The Depreciation and Amortization expense for ECHG consisted of depreciation of $18,788 and amortization of $83,900 for the three months ending March 31, 2020. Amortization for the three months ended March 31, 2020 is the amortization of intangibles from the Purchase Price Allocation.

Interest Expense. For the three months ended March 31, 2020, interest expense for DGSE was $44,793, an increase of $10,236, or 29%, compared to $34,549 during the same period in 2019. The increase is primarily due to an increased interest rate on the note payable - trade, related party, that paid off the accounts payable, related party, outstanding balance of $2,928,210 as of March 31, 2020.

The interest expense for ECHG was $100,522 for the three months ending March 31, 2020, which was related to the note payable, related party, with an outstanding balance of $6,641,438 as of March 31, 2020.

Income Tax Expense. For the three months ending March 31, 2020, our income tax expense was $18,577, an increase of $8,341, or 81%, compared to $10,236 for the three months ending March 31, 2019. The effective income tax rate was 1.6% and 2.9% for the three months ending March 31, 2020 and 2019, respectively. Differences between our effective income tax rate and the U.S federal statutory rate are the result of state taxes, non-deductible expenses, changes in reserves for uncertain tax positions and unused NOL carryforwards.

Net Income. We recorded a net income of $1,174,149 for the three months ended March 31, 2020, compared to a net income of $354,635 for the three months ended March 31, 2019, an increase in net income of $819,514, which is due primarily from the addition of ECHG adding $785,724 of net income for the three months ended March 31, 2020.

Earnings Per Share. For the three months ending March 31, 2020, our net income per basic and diluted shares attributable to common stockholders was $.04, compared to $.01 per basic and diluted shares for the three months ending March 31, 2019, an increase of $.03 per share. The increase is primarily due to the addition of ECHG’s net income for the three months ending March 31, 2020.

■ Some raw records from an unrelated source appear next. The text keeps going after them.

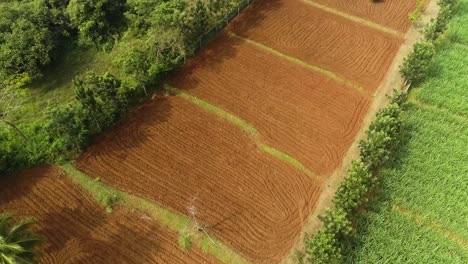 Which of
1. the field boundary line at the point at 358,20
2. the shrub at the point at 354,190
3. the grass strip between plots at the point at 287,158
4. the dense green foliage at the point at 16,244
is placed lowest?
the grass strip between plots at the point at 287,158

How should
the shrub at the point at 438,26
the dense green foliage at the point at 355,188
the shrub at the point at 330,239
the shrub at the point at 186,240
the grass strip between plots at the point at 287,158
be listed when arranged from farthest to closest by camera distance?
the shrub at the point at 438,26 < the grass strip between plots at the point at 287,158 < the shrub at the point at 186,240 < the dense green foliage at the point at 355,188 < the shrub at the point at 330,239

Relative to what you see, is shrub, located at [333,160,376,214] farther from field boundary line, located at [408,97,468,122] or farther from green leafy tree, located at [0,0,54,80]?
green leafy tree, located at [0,0,54,80]

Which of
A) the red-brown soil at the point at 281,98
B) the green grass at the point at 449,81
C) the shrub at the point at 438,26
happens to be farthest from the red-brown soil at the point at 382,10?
the red-brown soil at the point at 281,98

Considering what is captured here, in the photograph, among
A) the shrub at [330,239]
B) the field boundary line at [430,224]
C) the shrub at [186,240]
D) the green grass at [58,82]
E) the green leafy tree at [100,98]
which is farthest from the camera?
the green grass at [58,82]

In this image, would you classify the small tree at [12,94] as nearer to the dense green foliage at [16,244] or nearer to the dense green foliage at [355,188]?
the dense green foliage at [16,244]

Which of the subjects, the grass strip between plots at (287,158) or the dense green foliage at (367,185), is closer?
the dense green foliage at (367,185)

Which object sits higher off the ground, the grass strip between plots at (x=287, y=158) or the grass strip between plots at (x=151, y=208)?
the grass strip between plots at (x=287, y=158)

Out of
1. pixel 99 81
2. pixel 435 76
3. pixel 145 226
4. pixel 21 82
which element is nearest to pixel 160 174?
pixel 145 226
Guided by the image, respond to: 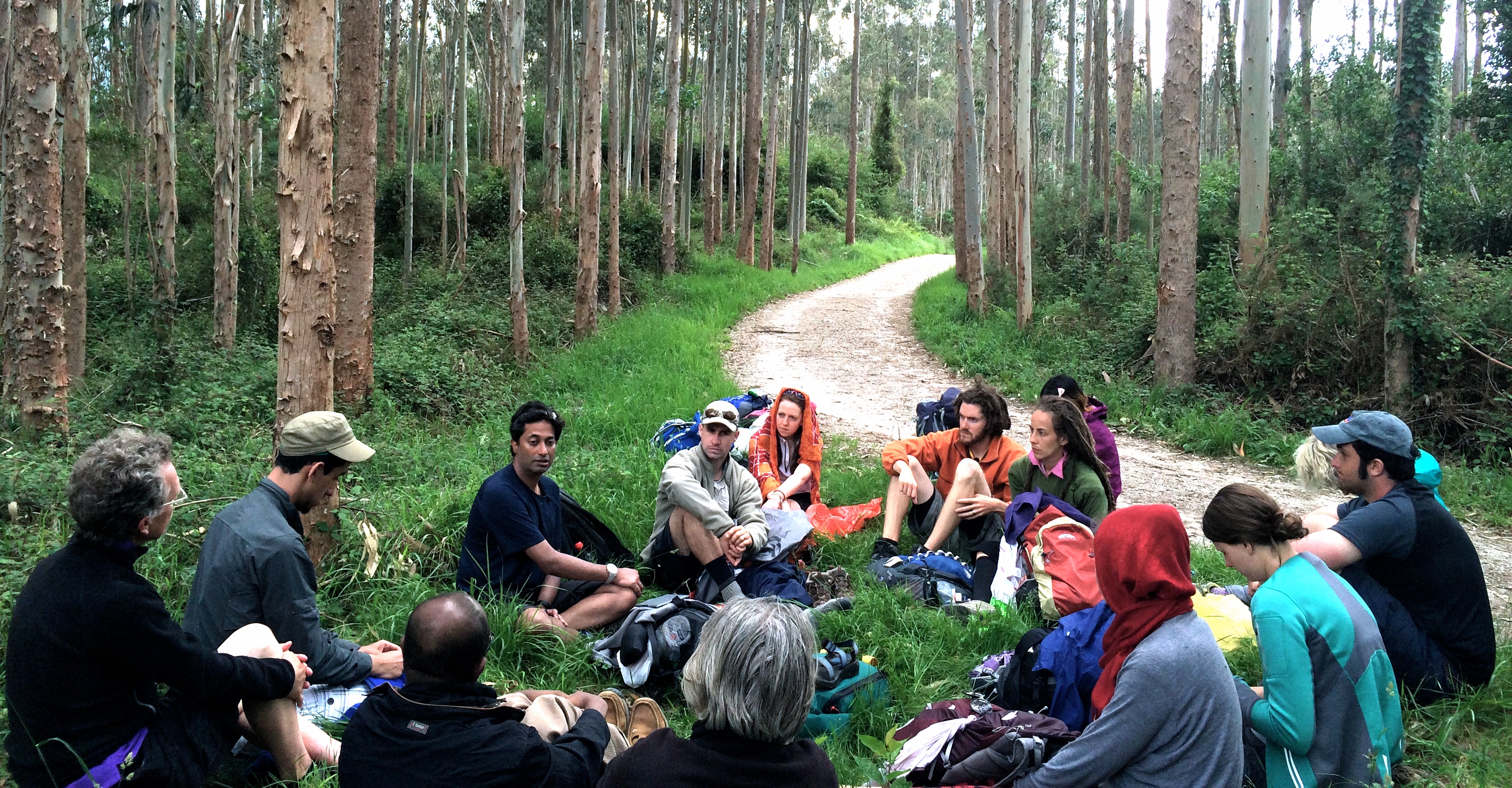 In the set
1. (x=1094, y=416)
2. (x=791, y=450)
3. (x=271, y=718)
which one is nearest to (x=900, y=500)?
(x=791, y=450)

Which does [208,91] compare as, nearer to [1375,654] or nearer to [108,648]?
[108,648]

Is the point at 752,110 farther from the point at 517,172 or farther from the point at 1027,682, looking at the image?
the point at 1027,682

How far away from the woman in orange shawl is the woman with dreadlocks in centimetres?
189

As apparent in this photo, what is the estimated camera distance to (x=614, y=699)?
3.78 meters

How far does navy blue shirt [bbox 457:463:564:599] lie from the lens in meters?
4.91

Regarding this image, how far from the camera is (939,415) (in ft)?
25.1

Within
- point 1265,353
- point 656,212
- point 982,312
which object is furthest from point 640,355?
point 656,212

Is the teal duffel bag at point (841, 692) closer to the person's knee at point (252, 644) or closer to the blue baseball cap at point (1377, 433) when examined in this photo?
the person's knee at point (252, 644)

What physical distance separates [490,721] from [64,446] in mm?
6466

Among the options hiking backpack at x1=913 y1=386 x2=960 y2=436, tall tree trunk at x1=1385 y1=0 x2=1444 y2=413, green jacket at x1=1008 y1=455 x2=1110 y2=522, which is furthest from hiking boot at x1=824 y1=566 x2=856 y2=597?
tall tree trunk at x1=1385 y1=0 x2=1444 y2=413

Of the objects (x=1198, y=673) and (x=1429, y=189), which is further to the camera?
(x=1429, y=189)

Liquidity and Capital Resources

During the three months ended March 31, 2020, cash flows provided from operating activities totaled $1,031,715, and during the three months ended March 31, 2019 cash flows used in operating activities totaled $960,206, an increase of $1,991,921. Cash provided from operating activities for the three months ended March 31, 2020, was driven largely by the reduction of trade receivables of $525,519, a reduction of inventories of $111,931 and net income added to non-cash items of depreciation and amortization of $1,353,878, offset by a decrease in accounts payable and accrued expenses of $647,804, an increase in prepaid expenses of $163,312 and a reduction of customer deposits and other liabilities of $118,710. Cash used in operating activities for the three months ended March 31, 2019, was driven largely by the reduction of accounts payable and accrued expenses of $564,868, the increase of inventories of $550,567, the increase in trade receivables of $105,606 and the increase in prepaid expenses of $185,536, offset by net income, without non-cash items of depreciation, amortization, bad debt expense of $458,959.

During the three months ended March 31, 2020 and 2019, cash flows used in investing activities totaled $1,529,046 and $14,175, respectively, an increase of $1,514,871. The use of cash in investing activities during the three months ended March 31, 2020 was primarily due to investing in a note receivable of $1,500,000 to CExchange. The use of cash in investing activities during the three months ended March 31, 2019 was the result of purchasing of equipment.

During the three months ended March 31, 2020 and 2019, cash flows used in financing activities totaled $69,404 and $0, respectively, an increase of $69,404. The use of cash in financing activities during the three months ended March 31, 2020 was payments made against the notes payable, related party.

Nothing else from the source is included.